The practice of Pilates has been around for decades, but it has continued to evolve into various branches. Classical and contemporary Pilates exercises are both highly beneficial to anyone but different. Classical Pilates, also known as Contrology, is derived directly from Joseph Pilates’s original work. Contemporary Pilates has been adjusted with contemporary research. According to a professional Pittsburgh Pilates instructor, find out what the main differences and benefits are to each.

Classical and Contemporary Pilates — What’s the Difference?
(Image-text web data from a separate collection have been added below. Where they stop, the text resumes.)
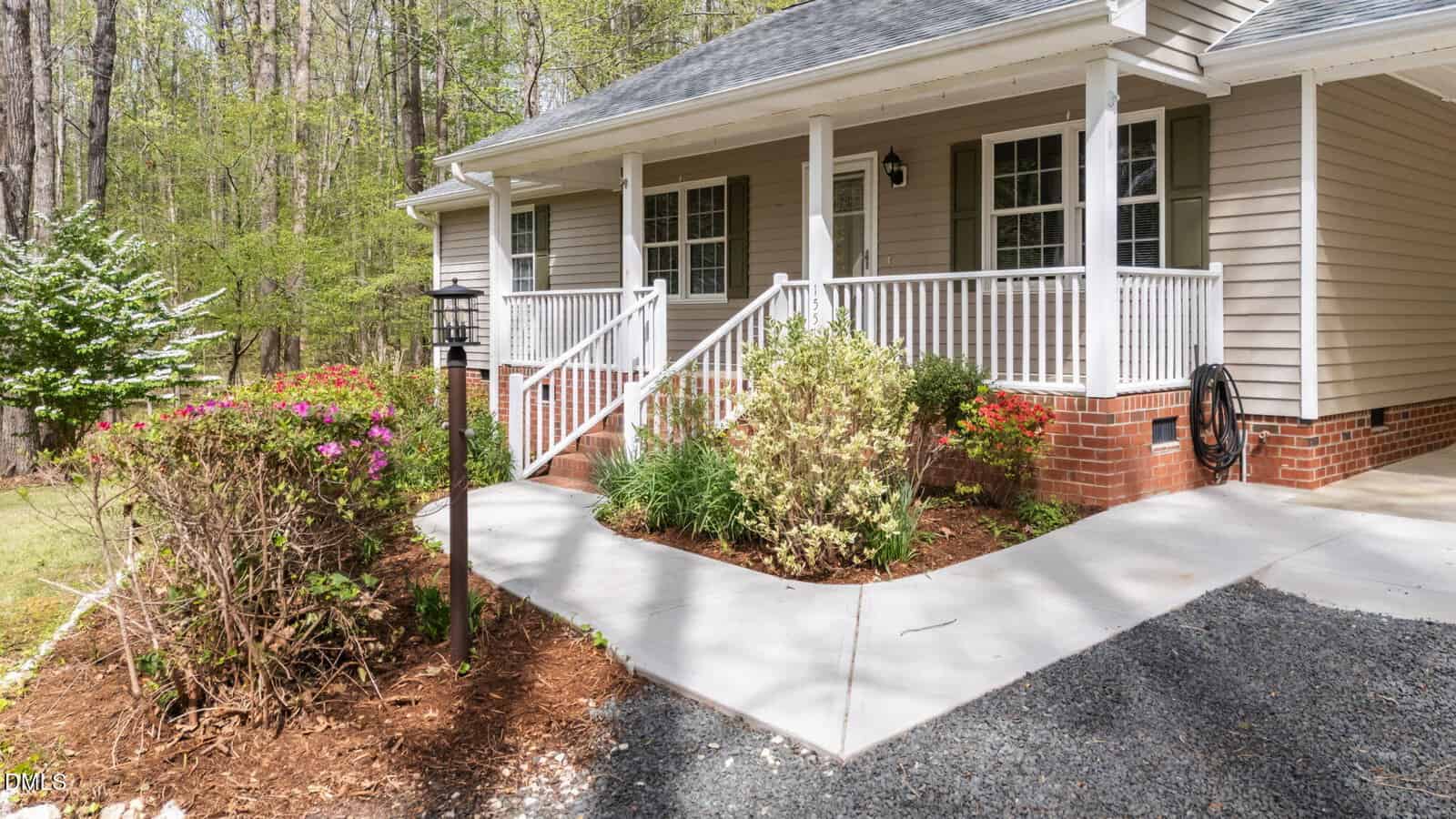 A single-story house with a covered porch, white railing, and brick foundation. There are shrubs, flowers, and a bird feeder along the concrete walkway leading to the front steps.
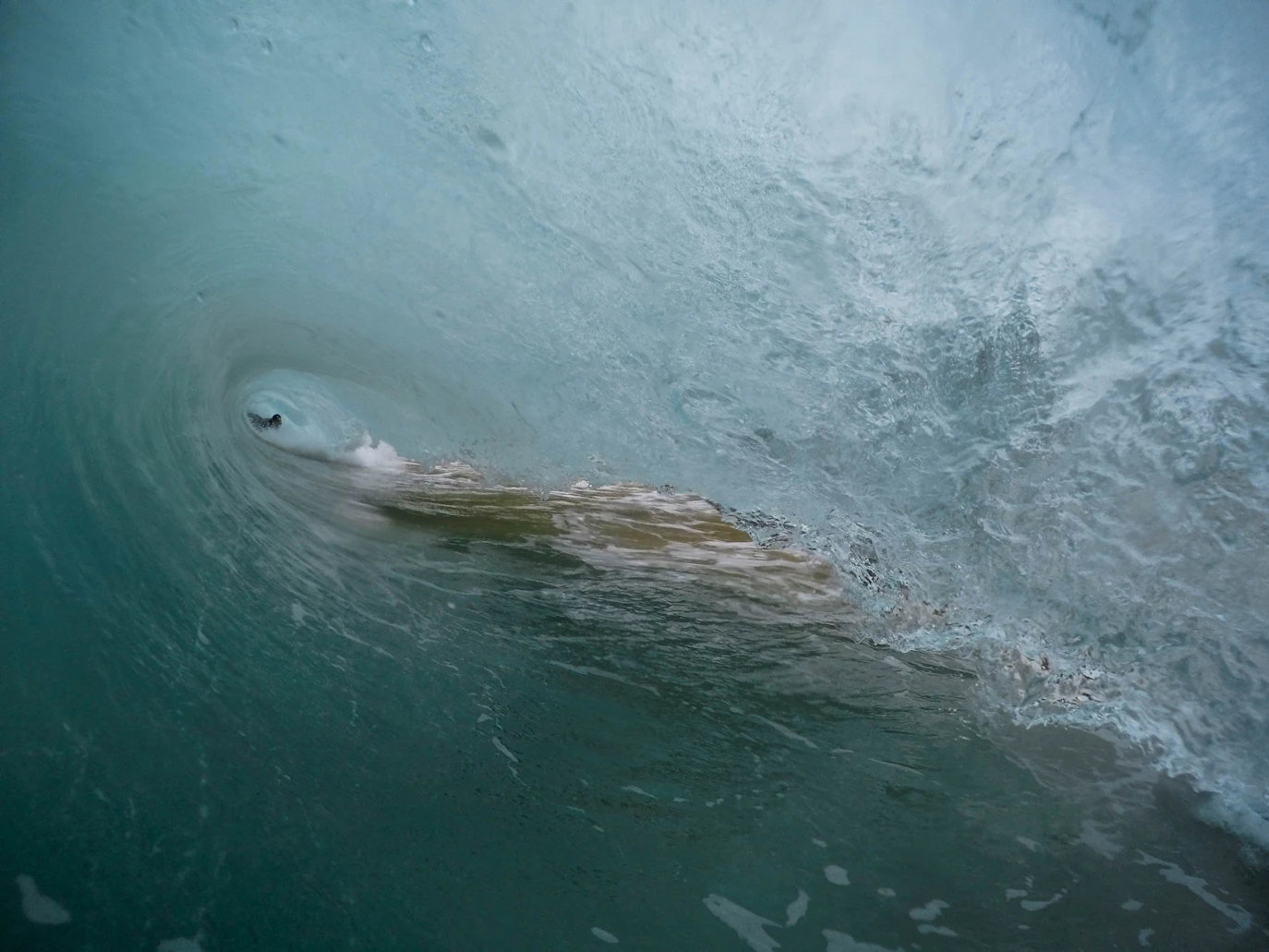 Shorebreak in the barrel view, Jeremy Bishop on Unsplash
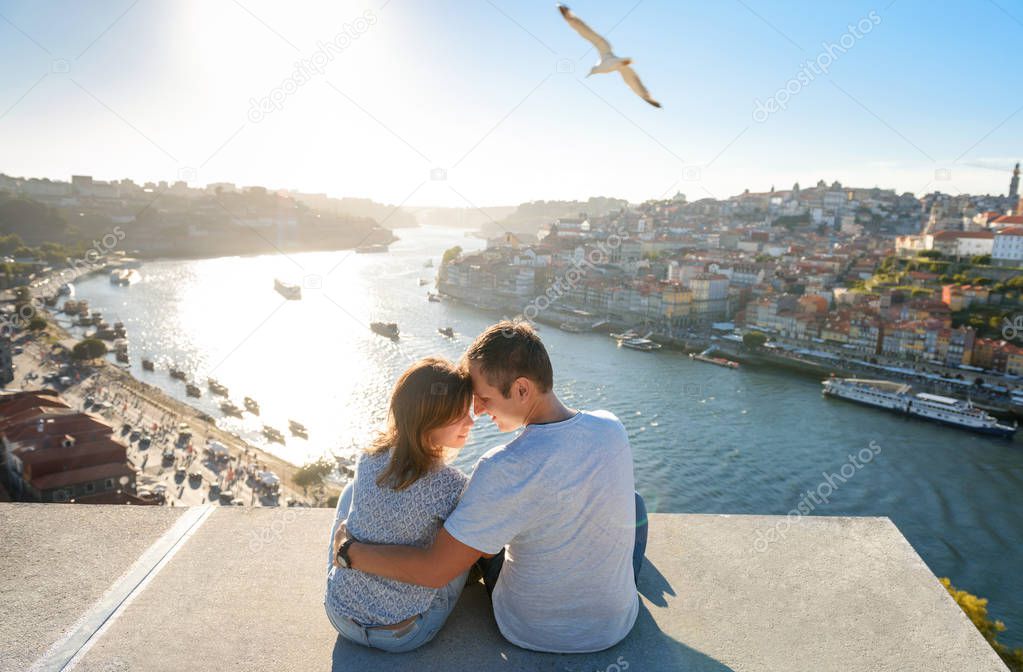 Couple relaxing on Porto in front of the skyline at sunset time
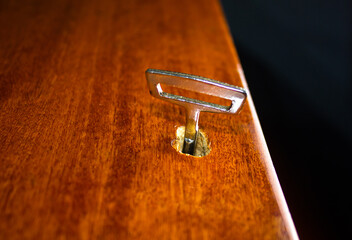 Old metal key in a wooden door on a black background. Mysterious door with an old key close-up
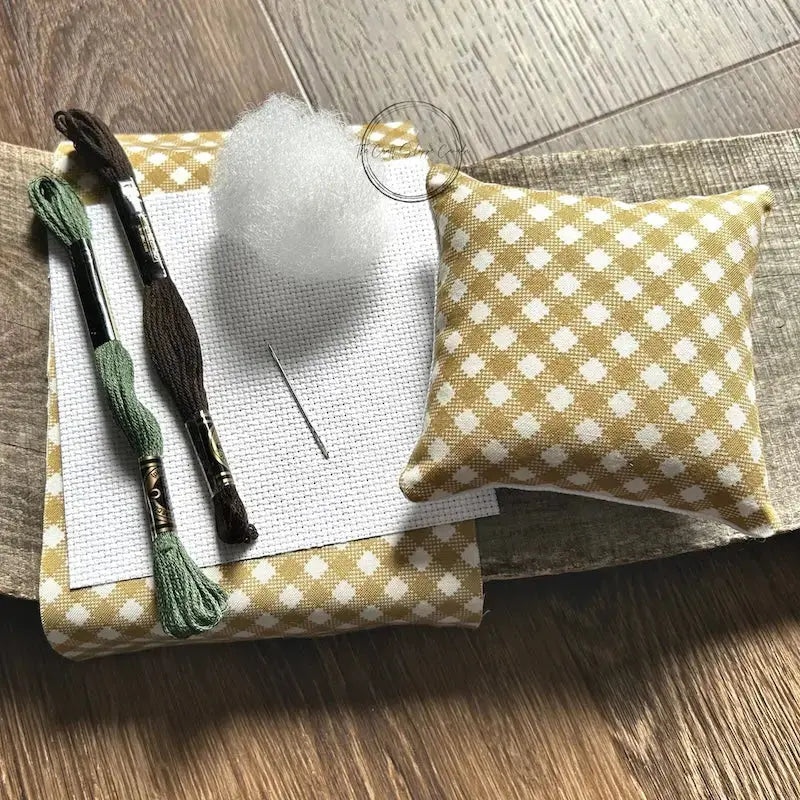 The supplies included in your cross stitch kit are sitting on a wooden board.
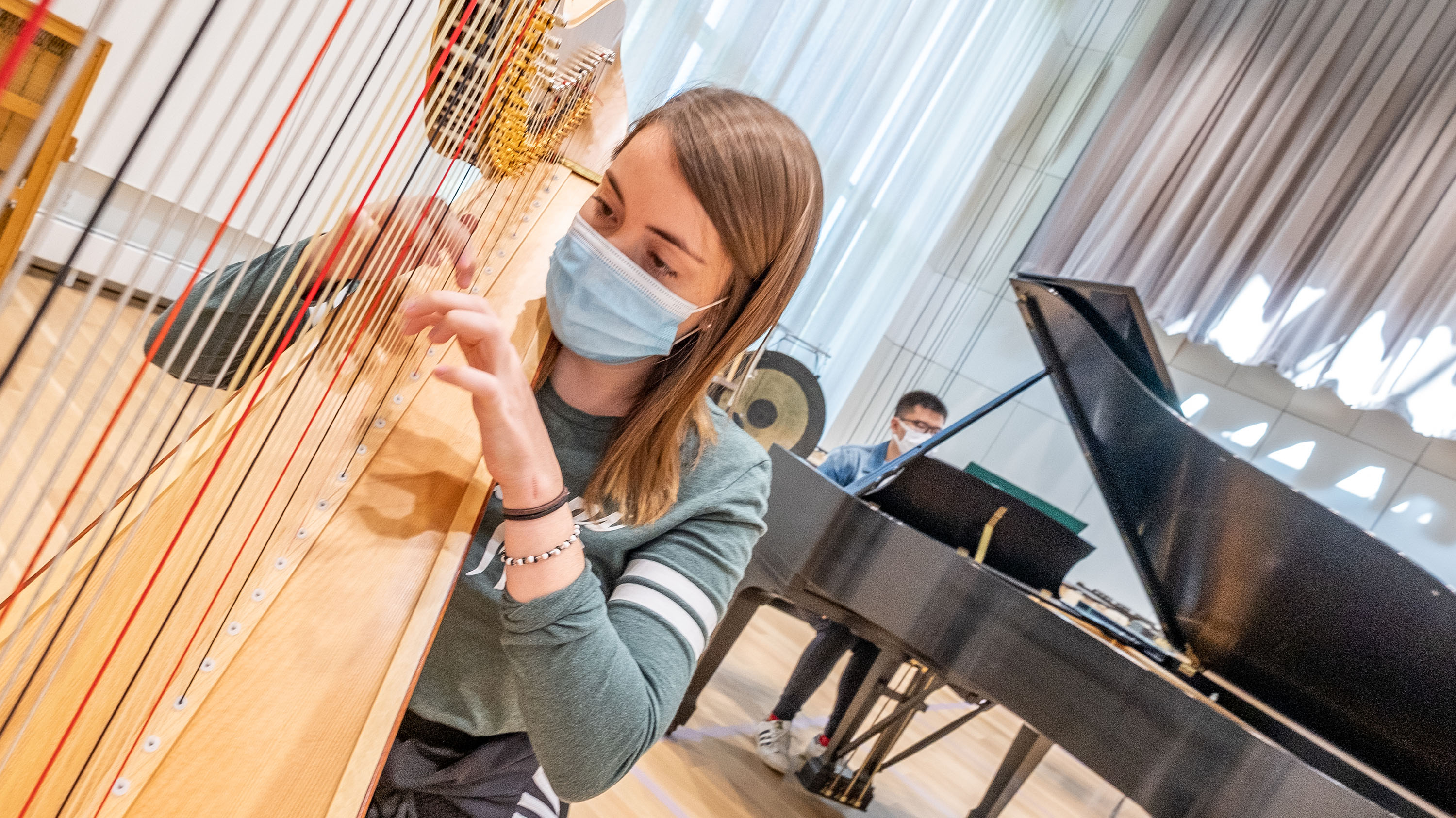 Two masked people playing harp and piano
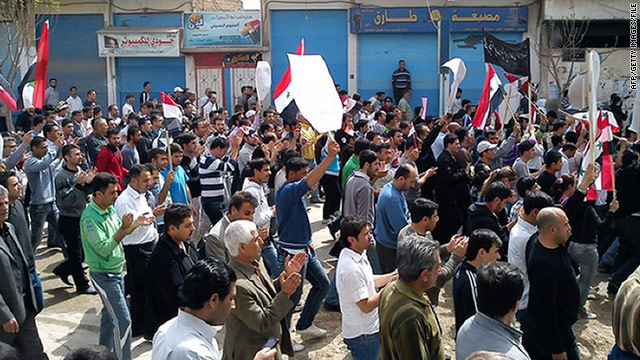 Syrian marchers: Free our men
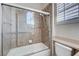Bathroom featuring a tub with glass door and light neutral tiling at 3663 Coventry Gardens Dr, Las Vegas, NV 89135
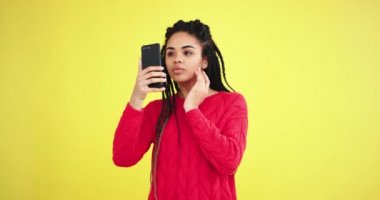 Çok dikkatli bir şekilde yüzüne bakıyor kamera önünde sarı arka plan duvar ile stüdyoda onu kendine ait bir fotoğraf çekmek için onun smartphone kullanılması ve oldukça poz güzel Afrikalı genç bayan
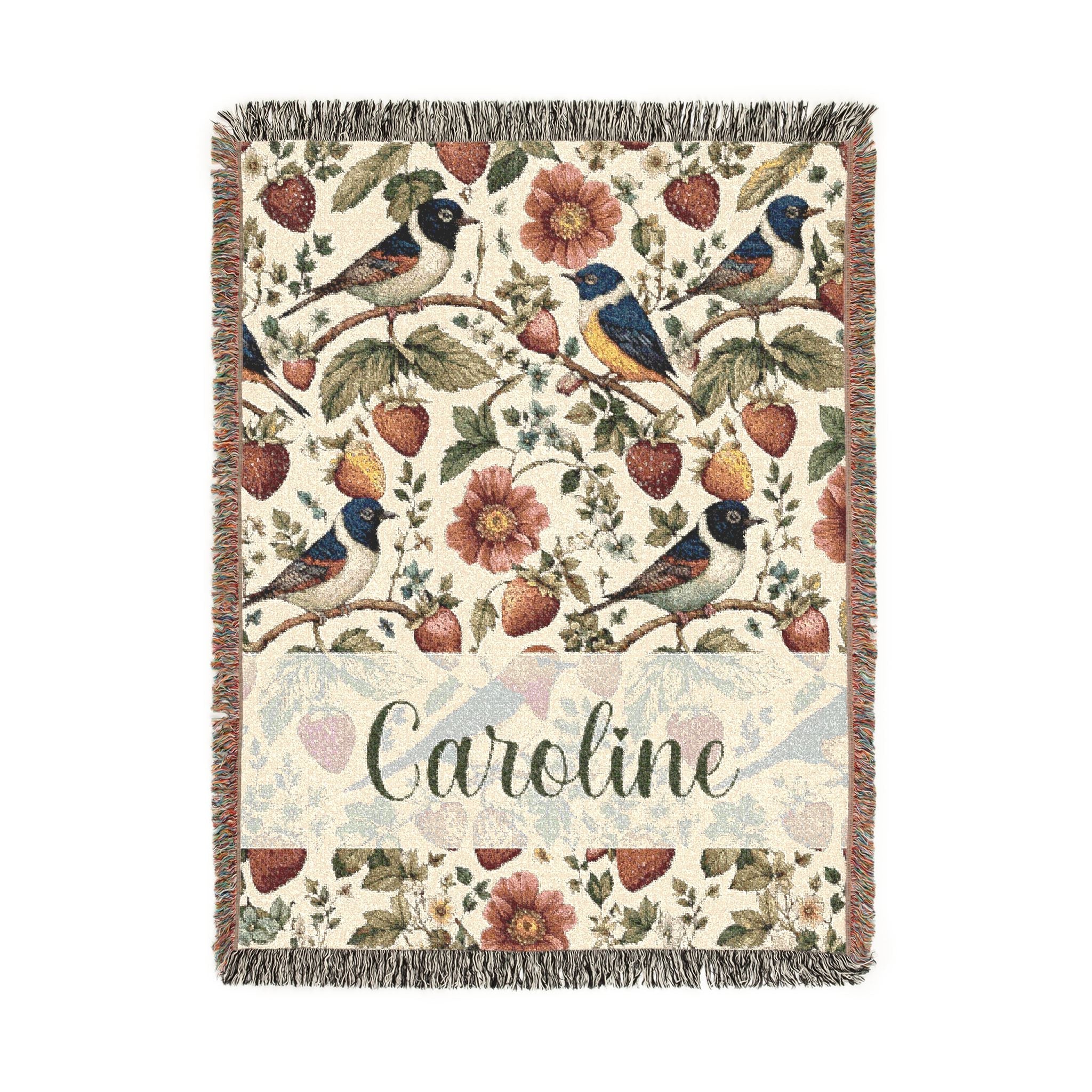 Decorative blanket with floral and bird pattern on a white background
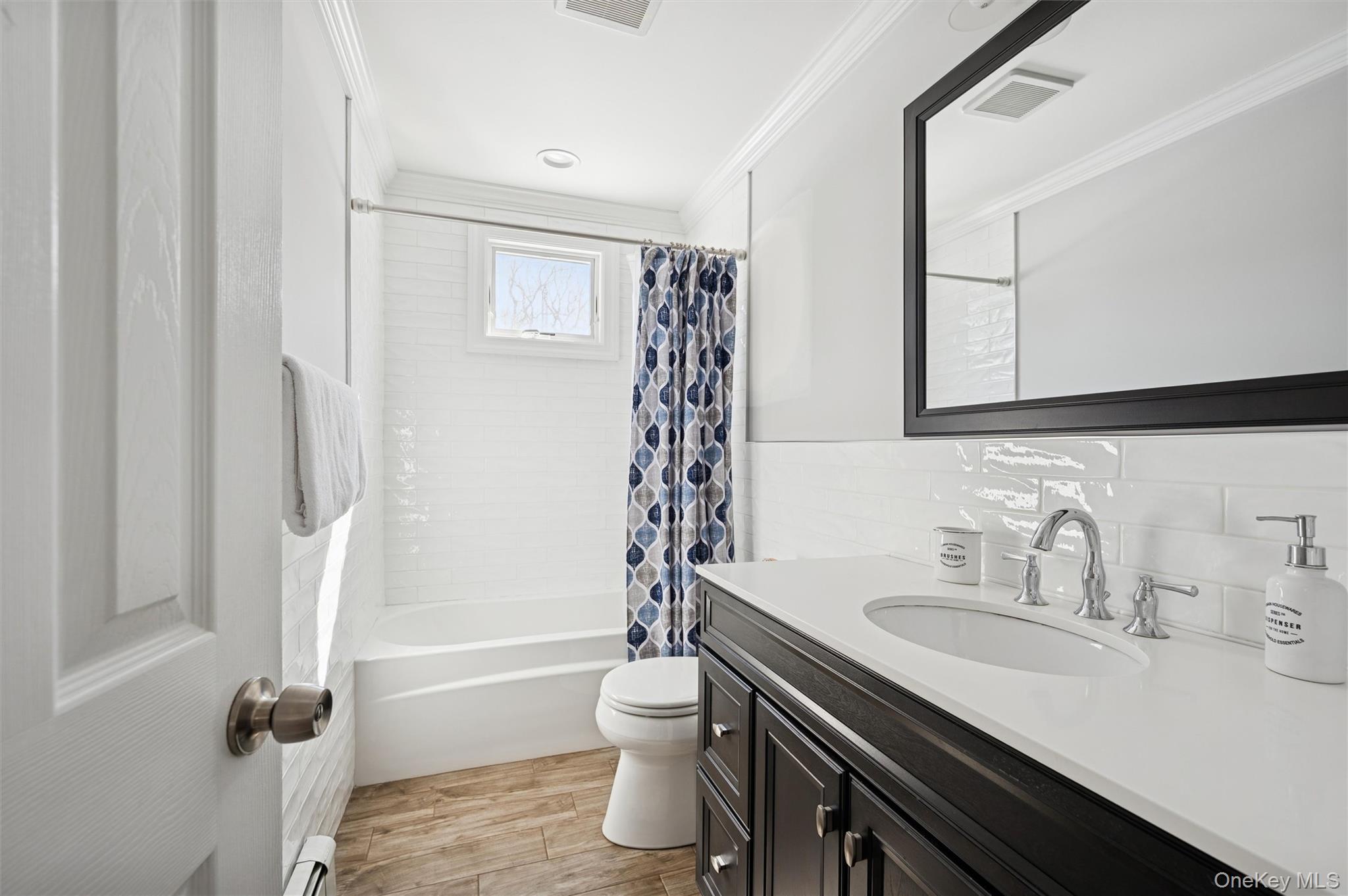 4 Stuart Court Hampton Bays, NY 11946 - Photo 14 of 20 a bathroom with a sink a toilet and shower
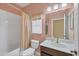 Bathroom features a tub, shower, toilet, window and vanity with sink at 1241 Creek Nine Dr, North Port, FL 34291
Defining Classical Pilates

person using a Gratz Pilates machine
Image courtesy of Gratz Pilates.

Classical Pilates is the practice of the original system of exercises invented by Joseph Pilates. This method, when taught by a comprehensively certified, classically trained instructor, can be adapted to address the needs of the body being taught by the instructor. Joseph Pilates first introduced this practice into the world in the early 20th century. At our Pilates studio in Pittsburgh, Touchstone Pilates, we emphasize stretch, strength, and control, and we follow principles designed to correct imbalances, tone and strengthen muscles and improve flexibility. In doing so, classical Pilates can prevent injuries. Joseph Pilates put together a particular flow to the exercises that classical Pilates still follows because it is designed to move the body in a full range of motion. This flow builds from beginning exercises to more complex ones as you progress, increasing your strength and flexibility. Classical Pilates holds to the following principles:

  • Concentration 
  • Control
  • Centering
  • Precision
  • Breath
  • Flow

Defining Contemporary Pilates

Person using Gratz equipment
Image courtesy of Gratz Pilates.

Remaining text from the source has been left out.